Em 1977, os músicos presentes a uma sessão de gravação num estúdio carioca foram surpreendidos pelo fato de que aquela não era uma sessão de gravação comum como estavam acostumados a fazer frequentemente. Quem saiu da sala de espera e entrou no estúdio não foi um artista nacional popular nem tampouco um desconhecido – nova aposta de alguma gravadora, mas sim a cantora Sarah Vaughan, considerada a “Divine One” do jazz, com uma carreira que remontava a 1944… dessas sessões saiu o clássico álbum I Love Brazil! Composto apenas por músicas brasileiras e participações de Tom Jobim, Milton Nascimento e Dorival Caymmi. Aquele repertório deu tão certo que 2 anos depois Sarah retorna e grava seu segundo álbum “brasileiro”, acompanhada por alguns dos músicos daquela primeira sessão a pedido dela própria, em especial o guitarrista Hélio Delmiro, peça fundamental da sonoridade do álbum.

Copacabana abre com a faixa título já trazendo um bom destaque para o violão e solo jazzístico de Hélio (aqui cabe um parêntese corretivo: o músico Ed Motta teria dito que o primeiro solo de guitarra no idioma jazzístico gravado no Brasil teria sido de Hélio Delmiro no álbum anterior de Sarah, o citado I Love Brazil!, mas eu discordo: provavelmente este primeiro solo no idioma jazzístico registrado em disco deve ter sido do próprio Hélio, mas gravado 10 anos antes (1969), no álbum Toca Antonio Carlos Jobim de Vitor Assis Brasil, na faixa Só Tinha de Ser com Você). A segunda faixa mantém o interesse com The Smiling Hour (Abre Alas), de Ivan Lins, trazendo outro solo memorável de Delmiro e a percussão remetendo à escola de samba e Sarah duetando tanto com a guitarra quanto com a cuíca. Dreamer (Vivo Sonhando), composição de Jobim, traz um dos melhores solos de Hélio, solo esse que sou capaz de cantar mesmo sem escutar essa faixa há 10 anos (e aqui cabe um outro parênteses musical: um bom solo é aquele que, independentemente do nível técnico do solista permanece na memória do ouvinte – todo o resto, ainda que possa ser tecnicamente admirável, se não permanece na memória do ouvinte e mesmo do músico não passa de um balbuciar de delírios esquizofrênicos aleatórios). Aliás a faixa conclui com um dueto de pergunta e resposta entre a guitarra e a voz (coisa relativamente rara nos discos de Sarah). Gentle Rain, composição de Luiz Bonfá (1965), traz um belo dueto entre a voz de Vaughan e o violão de Hélio. Tetê é outra peça de quarteto com destaque para a guitarra, enquanto Dindi traz novamente violão e voz na intro, seguidos por overdubs de baixo acústico e guitarra. Outro belíssimo e simples arranjo de Edson Frederico para quarteto é entregue em Double Rainbow (Chovendo na Roseira), enquanto Bonita fecha o álbum com outra peça de voz e violão na intro, com Hélio recriando e sofisticando as já emaranhadas harmonias de Tom Jobim, deixando novas pistas a serem preenchidas pelas blue notes de Sarah.

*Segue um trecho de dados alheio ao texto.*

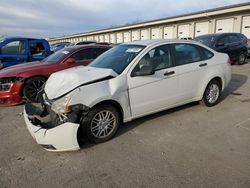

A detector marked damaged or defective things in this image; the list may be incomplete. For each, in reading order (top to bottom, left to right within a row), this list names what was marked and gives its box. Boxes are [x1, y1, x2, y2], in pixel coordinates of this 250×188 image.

Há 2 semanas morreu Hélio Delmiro. Este álbum é essencial não apenas pela qualidade excepcional, mas também por ter sido a carta de apresentação de um dos melhores instrumentistas brasileiros ao mundo, feita por vontade de uma das maiores cantoras do mundo. Segundo relato do próprio Hélio (parafraseado):
“Fomos escutar o resultado da gravação no aquário… ela pediu para o produtor me dizer pra eu me “soltar” e tocar mais (…) Gravamos de novo e fomos ouvir o resultado. Ela vira para o produtor e diz: ‘Ele ainda não entendeu: diga para ele se soltar e tocar mais. Tudo isto que está acontecendo aqui hoje está acontecendo por causa dele…”
Hélio Delmiro 20/05/1947 | 16/06/2025
Track list:
01 – Copacabana [Alberto Ribeiro-Joao de Barro]
02 – The Smiling Hour (Abre Alas) [Ivan Lins-Louis Oliveira-Vitor Martins]
03 – To Say Goodbye (Pra Dizer Adeus) [Lani Hall-Lobo-Torquato Neto]
04 – Dreamer (Vivo Sonhando) [Antonio Carlos Jobim-Gene Lees]
05 – Gentle Rain [Luiz Bonfá-Matt Dubey]
06 – Tete [Ray Gilbert-Roberto Menescal-Ronaldo Bôscoli]
07 – Dindi [Antonio Carlos Jobim-Ray Gilbert]
08 – Double Rainbow (Chovendo na Roseira) [Antonio Carlos Jobim-Gene Lees]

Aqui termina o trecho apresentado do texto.